The year 2012 was a turning point for Gilberto Rivera. Born in Puerto Rico and raised in Brooklyn, the former graffiti artist had been incarcerated in the U.S. federal prison system for nearly two decades. He had been regularly subjected to “diesel therapy,” in which prison authorities bus detainees to different facilities across the country to break their ability to form close relationships. Rivera had always sought to make the most of things, learning new artistic techniques from incarcerated mentors wherever he ended up: impressionism at the Lompoc federal prison in California, oil painting at Leavenworth, Kansas, and ceramics at Allenwood, Pennsylvania. But after an altercation with a guard at Fairton, New Jersey, he’d had enough. Rivera was outraged, and needed a new form capable of expressing it.
An Institutional Nightmare was the result. Resembling a rugged, otherworldly landscape viewed from above, the three-dimensional mixed-media collage is made of Rivera’s torn prison uniform, a drop cloth, prison commissary reports, newspaper, acrylic paint, and floor wax. Rivera’s anger seems to well up out of it: the uniform, a drab brown vortex stiffened with wax and paste, writhes around the pale yellow cloth, its cheap synthetic insulation spilling over into a frothy sea of blue and red. He could have been punished just for making it, as prison rules prohibit the appropriation and destruction of state property. Yet Rivera felt it was a chance worth taking, not only as a way of asserting his identity as an artist, but also of critiquing the system of mass incarceration in the United States, which currently ensnares more than 2.3 million people.
Rivera is just one of more than thirty-five artists featured in Marking Time: Art in the Age of Mass Incarceration, a revelatory new group show on view at MoMA PS1 in New York through April 4. The massive assemblage of drawings, paintings, prints, sculptures, video installations, collage, and photography is the result of more than a decade of research by guest curator Nicole R. Fleetwood, a professor of American studies and art history at Rutgers. She’s also the author of an accompanying scholarly book, the most comprehensive survey of contemporary art made by incarcerated people to date. An unabashed prison abolitionist and advocate for incarcerated people, Fleetwood has witnessed firsthand the injustice and violence of the U.S. prison system, especially the generational trauma it inflicts on communities of color (and on members of her own family). As a result, the show is anything but a facile, feel-good celebration of art as moral redemption or imaginary transcendence. Instead, it’s didactic in the best sense of the term. It teaches visitors—most of whom have never been to a jail and do not know a single incarcerated person—how to see the cruelty the prison system tries to hide, and how to think expansively about a world in which prisons no longer exist.
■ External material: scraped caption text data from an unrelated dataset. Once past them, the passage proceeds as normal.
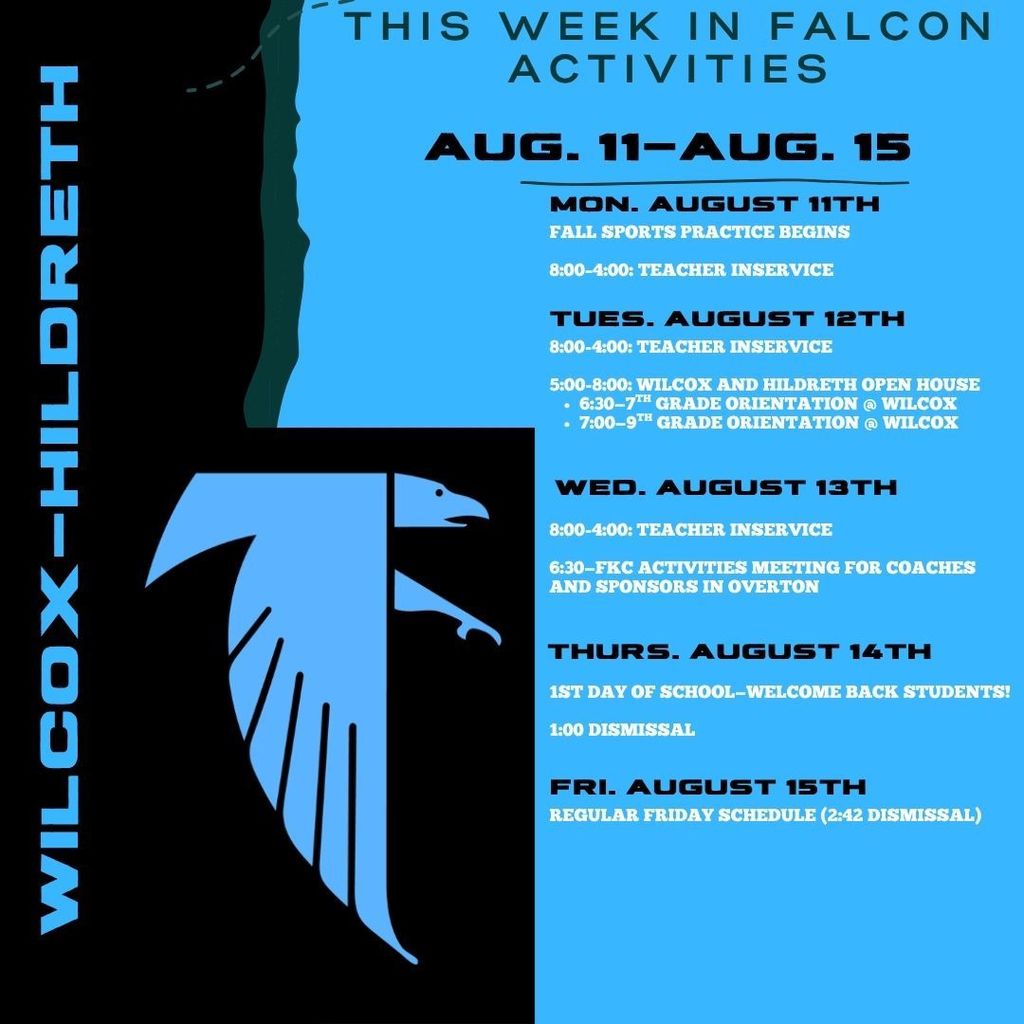 8/11-8/15 Activities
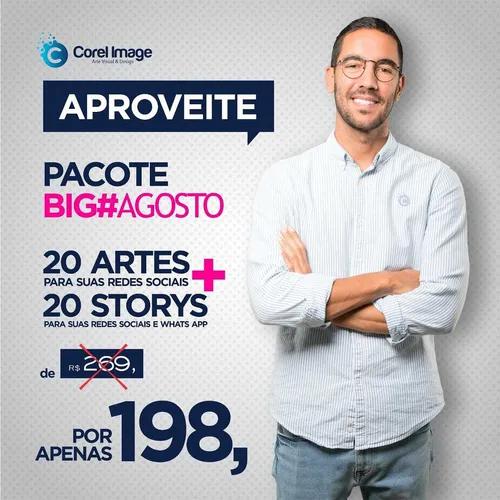 Pacote De 20 Artes Para Redes Sociais + 20 Storys Das Mesmas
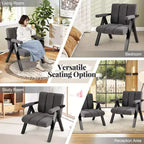 Costway 1/2 Fauteuil d'appoint surdimensionné avec structure en métal et accoudoirs Fauteuil moderne du milieu du siècle Gris/Blanc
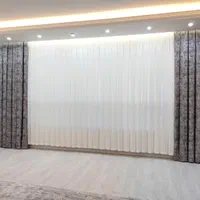پرده حریر دولایه سیم دوزی با مخمل ترکیب خاص|پرده، رانر، رومیزی|شیراز, احمدآباد|دیوار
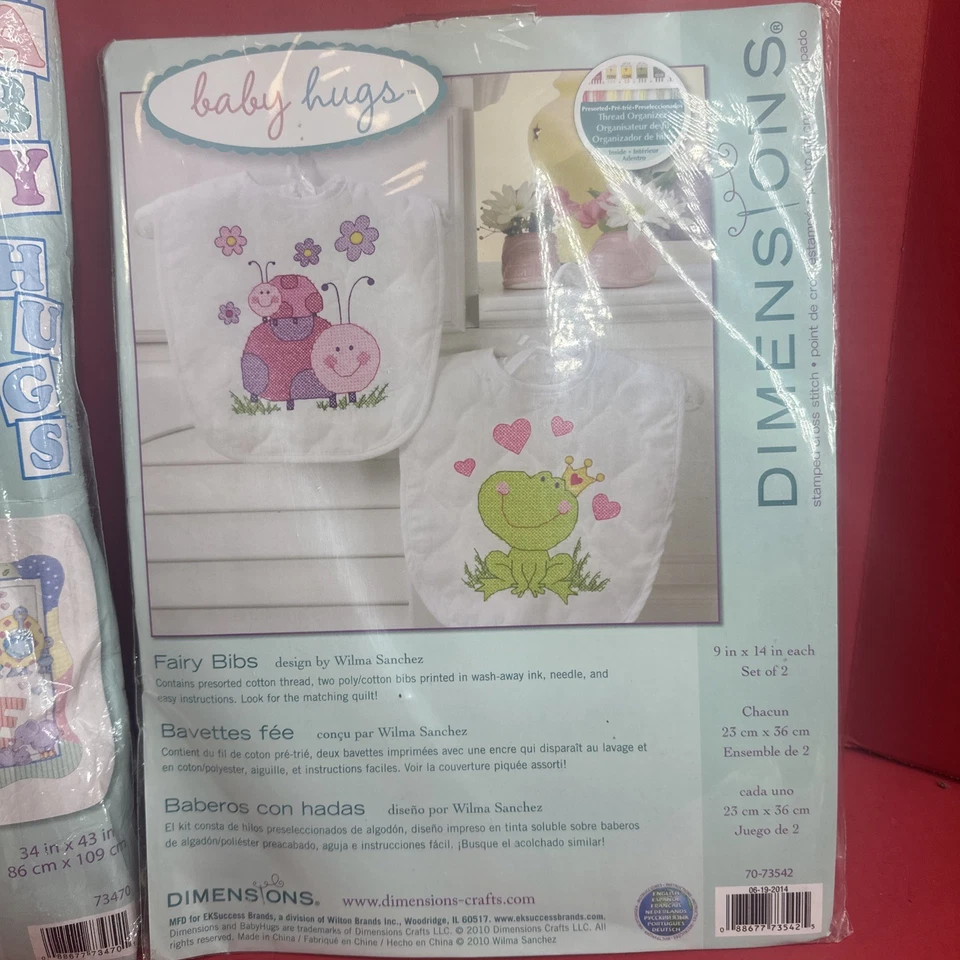 2 Dimensions Baby Hugs Fairy Quilt & Bibs Stamped Cross Stitch 43"x 34" New - Image 3 of 4
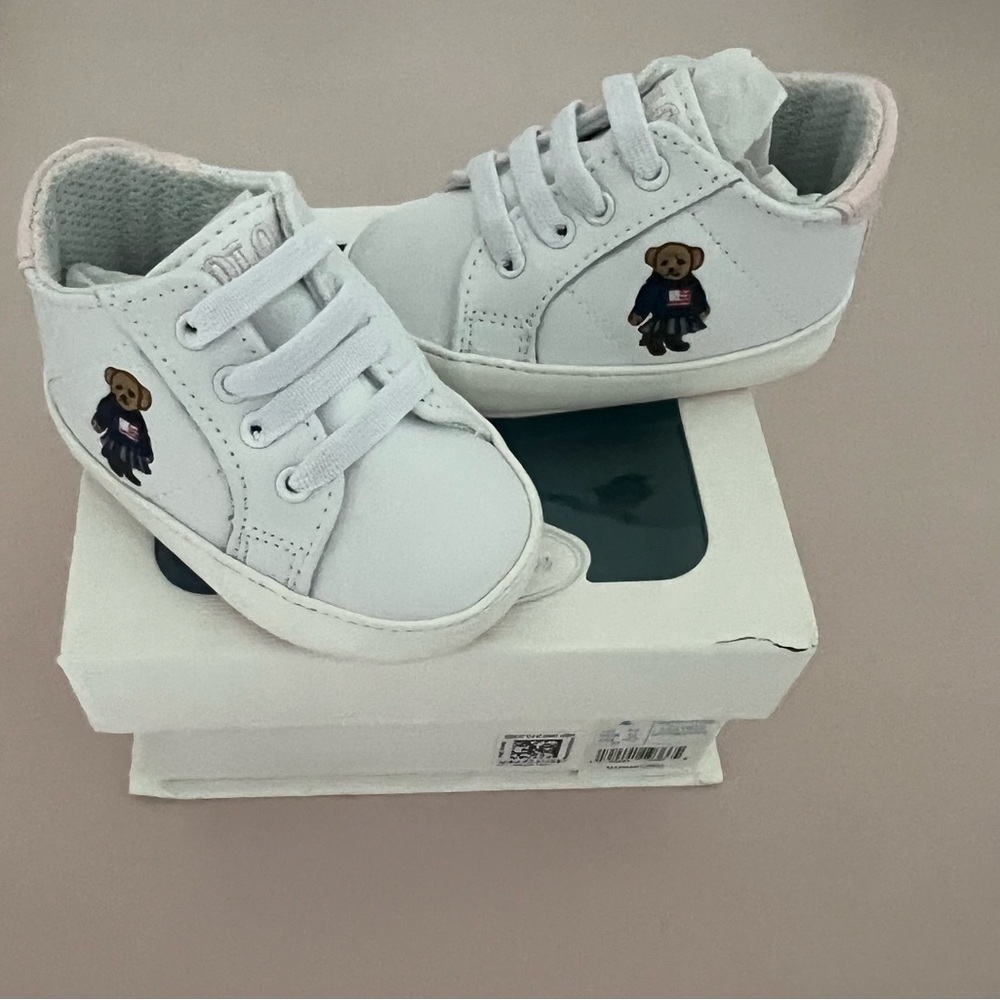 Polo Ralph Lauren Girls' Quilton Bear High Top Sneakers - Baby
Marking Time begins and ends with one of the most accessible genres of prison art, portraiture. As Fleetwood reminds us, the technique has a long tradition (as well as a prestigious pedigree) in Western aesthetics. Incarcerated in his late teens, George Morton used his nine years in federal prison to study the techniques of the Old Masters, eventually earning a coveted spot at the Florence Academy of Art and winning its prize for “best portrait of the year” in 2016. Mars, an arresting charcoal drawing of a young Black woman rendered with photographic precision, is easily the most technically accomplished work in the show.